## [Activity]
Starting at the line holding "Global Awareness Quiz" and finishing at the line holding "Picture: David Swift", transcribe the material exactly, keeping both ends but no pictures.

## [Records provided]
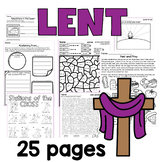 Lent Packet - Lent Worksheets -  No Prep - Catholic Lent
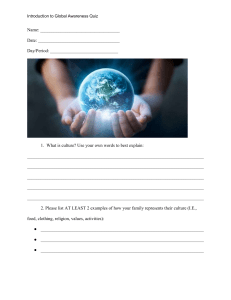 Global Awareness Quiz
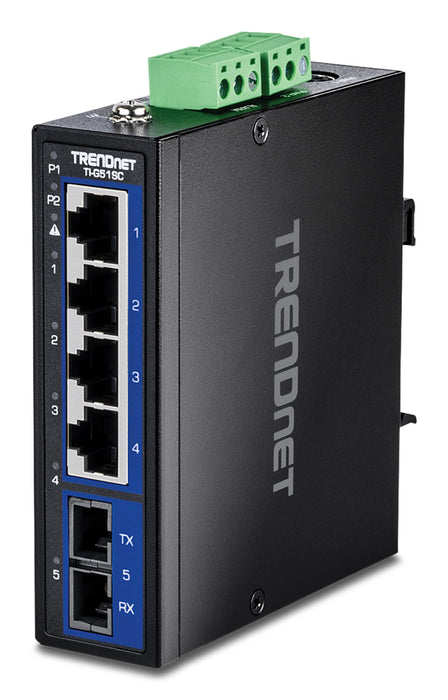 EAN 0710931162844 - Trendnet TI-G51SC switch No administrado Gigabit Ethernet (10/100/1000) Negro imagen 1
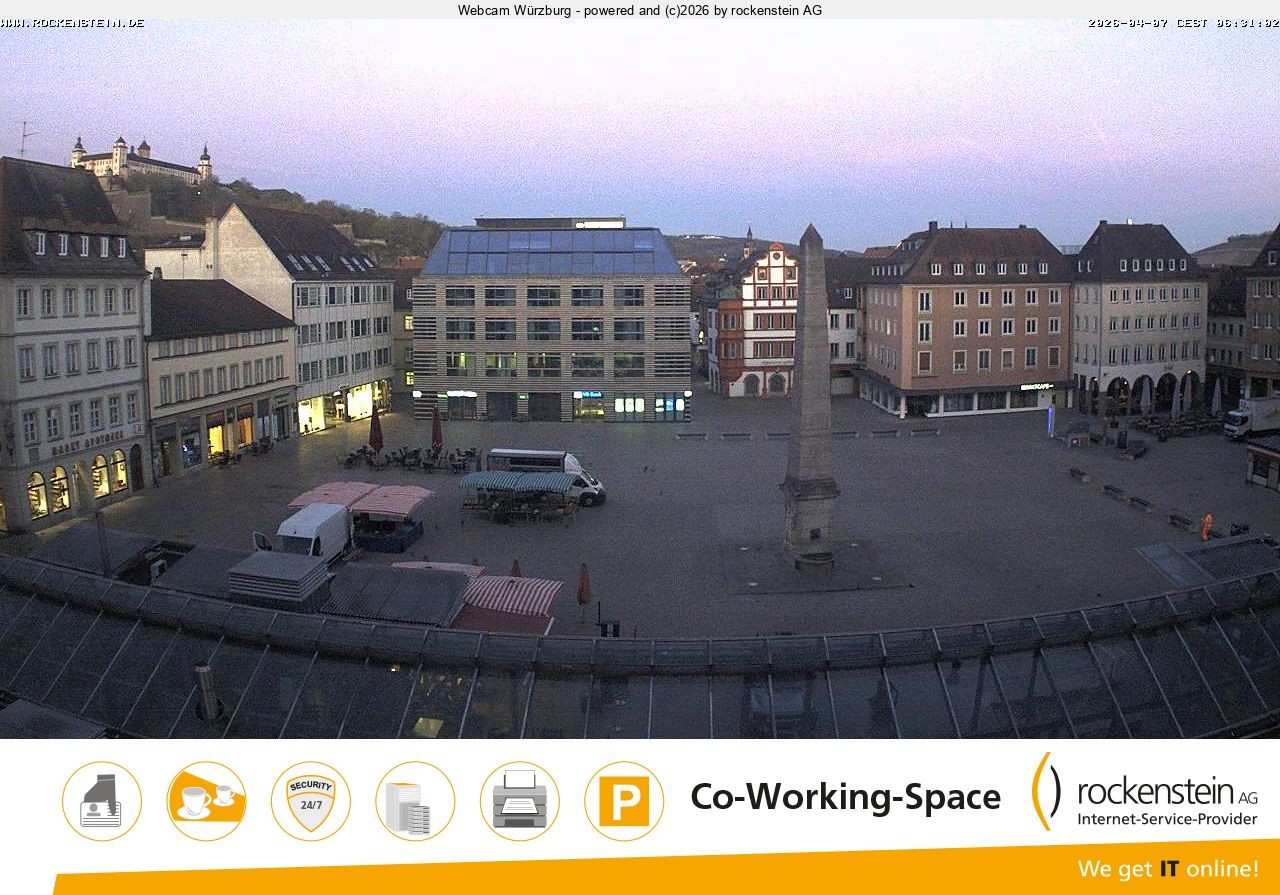 Archiv Foto Webcam Marktplatz Würzburg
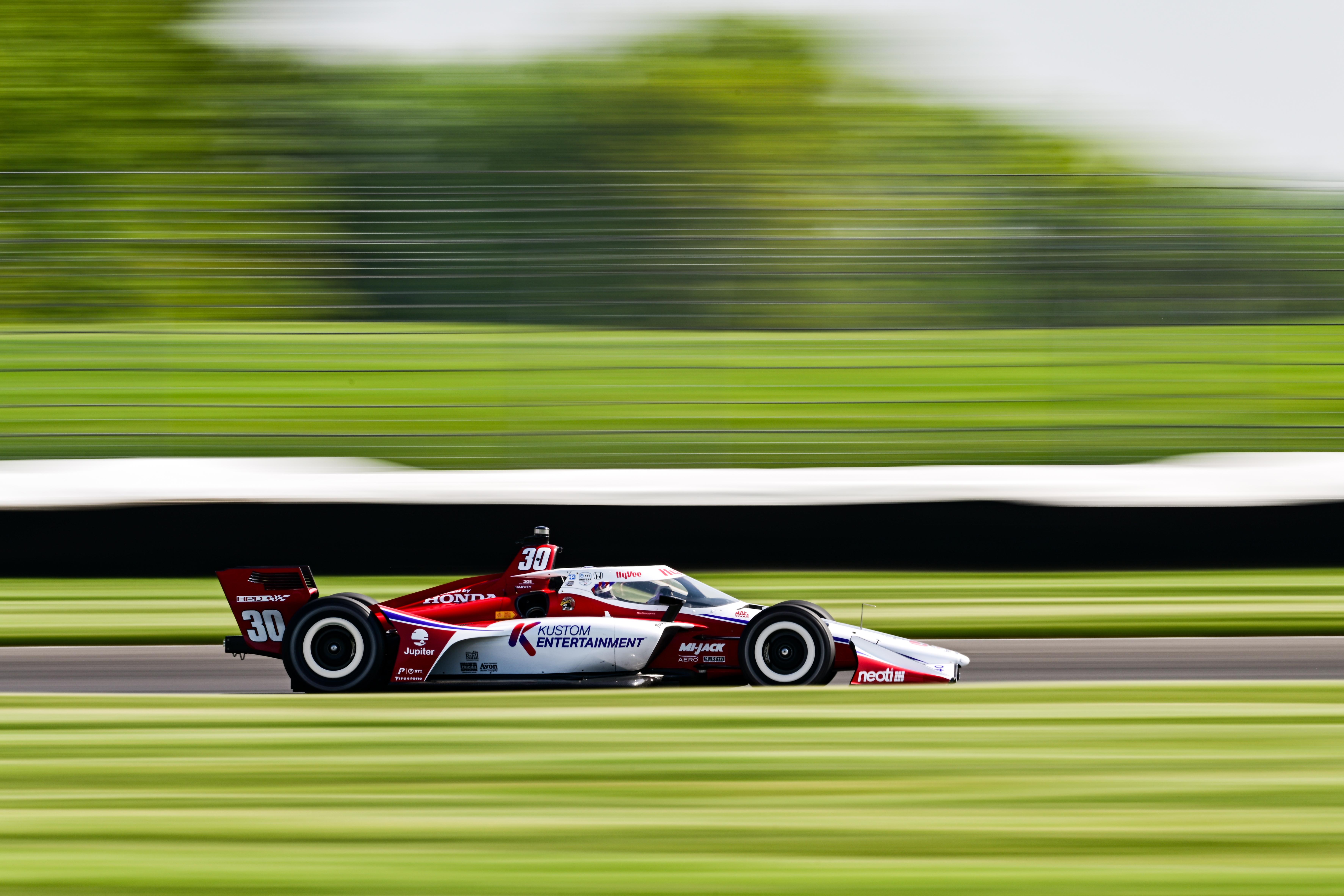 Friday's motorsports: Grosjean tops first IndyCar practice at Road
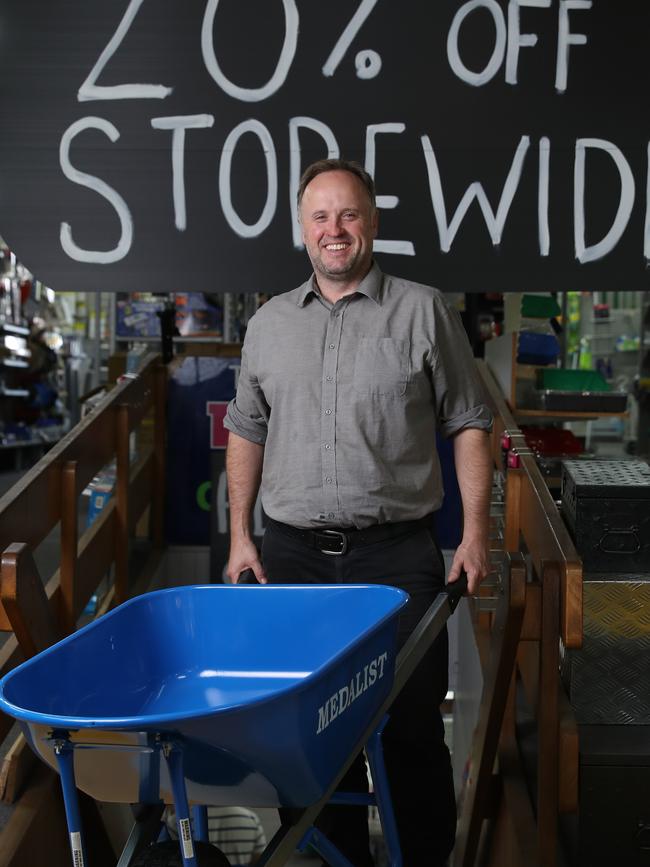 ‘Outside of Bunnings there is not a future’: Geoff Witzgall. Picture: David Swift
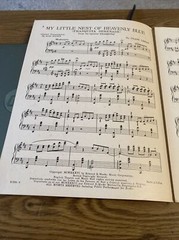 Vintage Sheet Music Frasquita Serenade, Franz Lehar , Piano Solo 1936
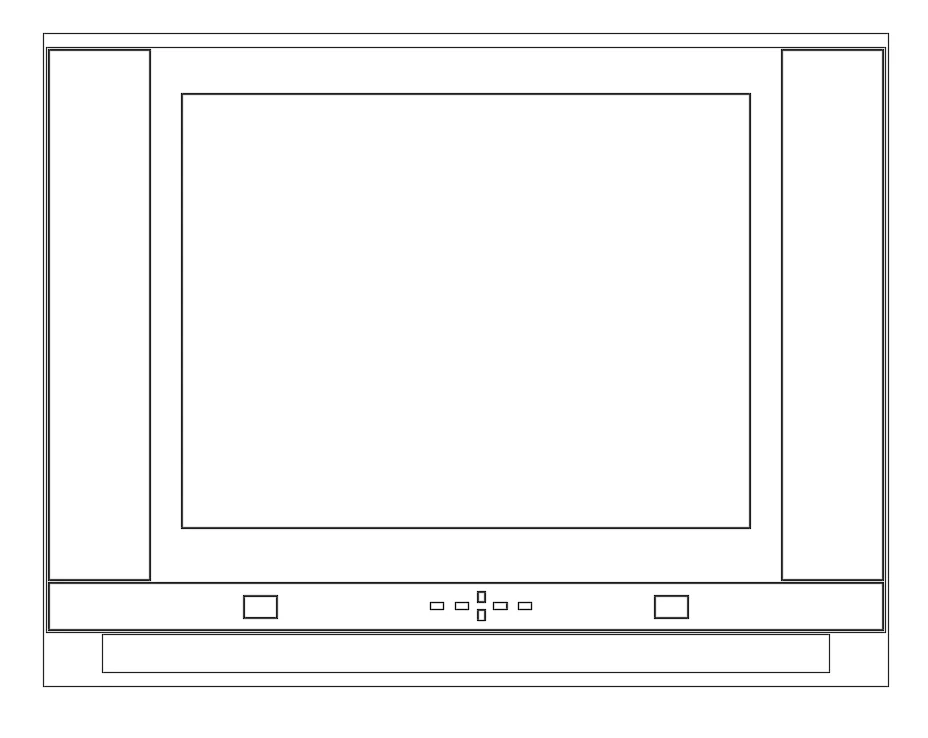 LED TV Unit Wall Panel DWG Elevation With Cabinet Dimensions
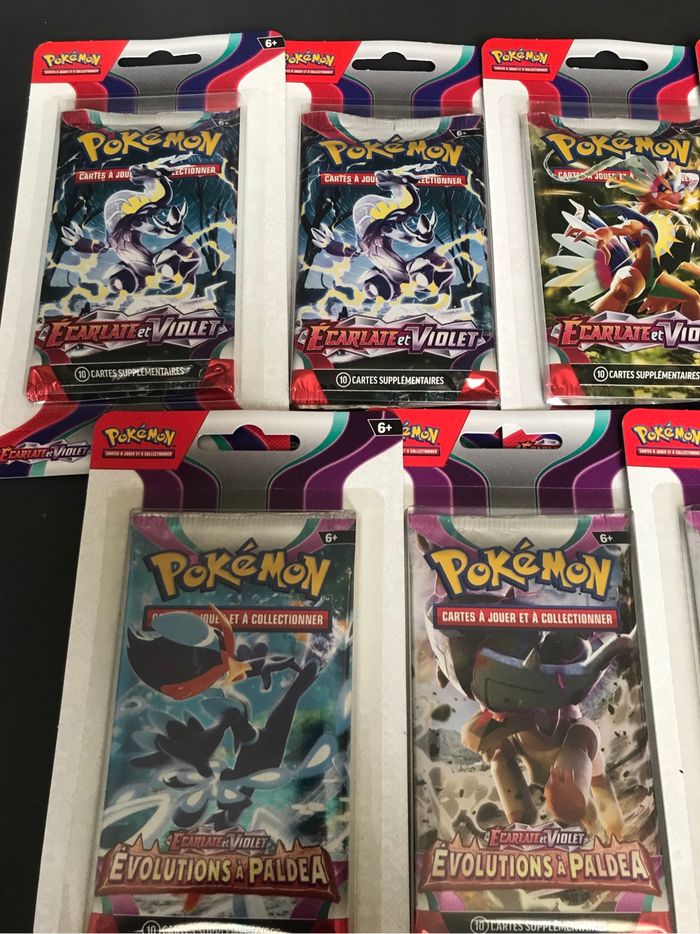 Pokemon lot de 7 booster sous blister - photo numéro 2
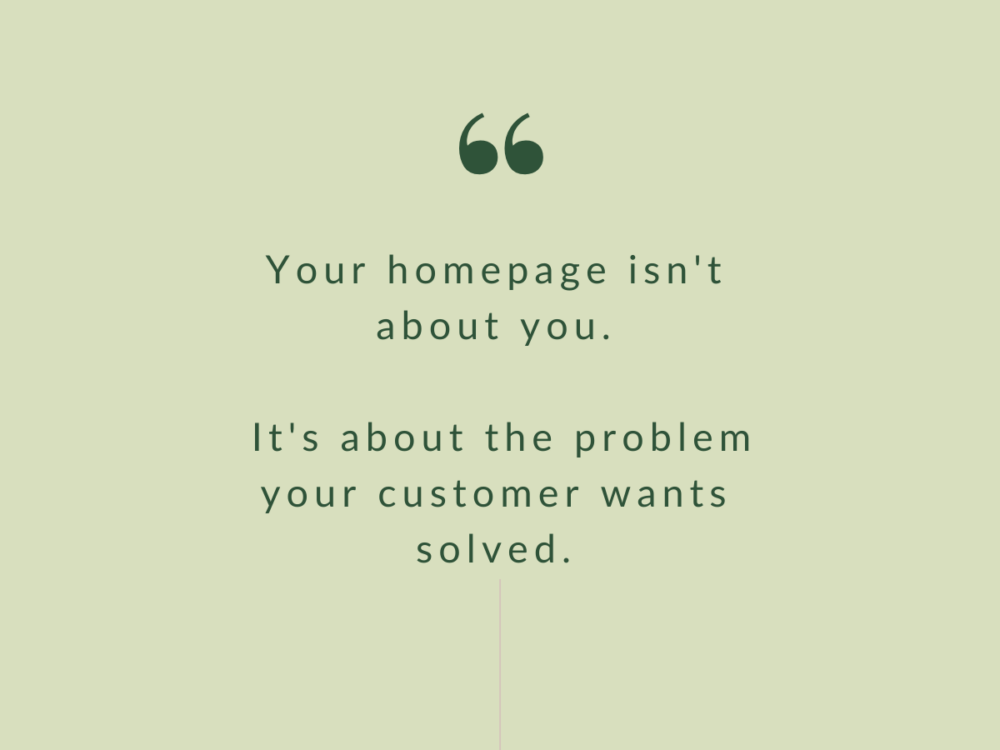 homepage principle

## [Exercise result]
 Global Awareness Quiz
 EAN 0710931162844 - Trendnet TI-G51SC switch No administrado Gigabit Ethernet (10/100/1000) Negro imagen 1
 Archiv Foto Webcam Marktplatz Würzburg
 Friday's motorsports: Grosjean tops first IndyCar practice at Road
 ‘Outside of Bunnings there is not a future’: Geoff Witzgall. Picture: David Swift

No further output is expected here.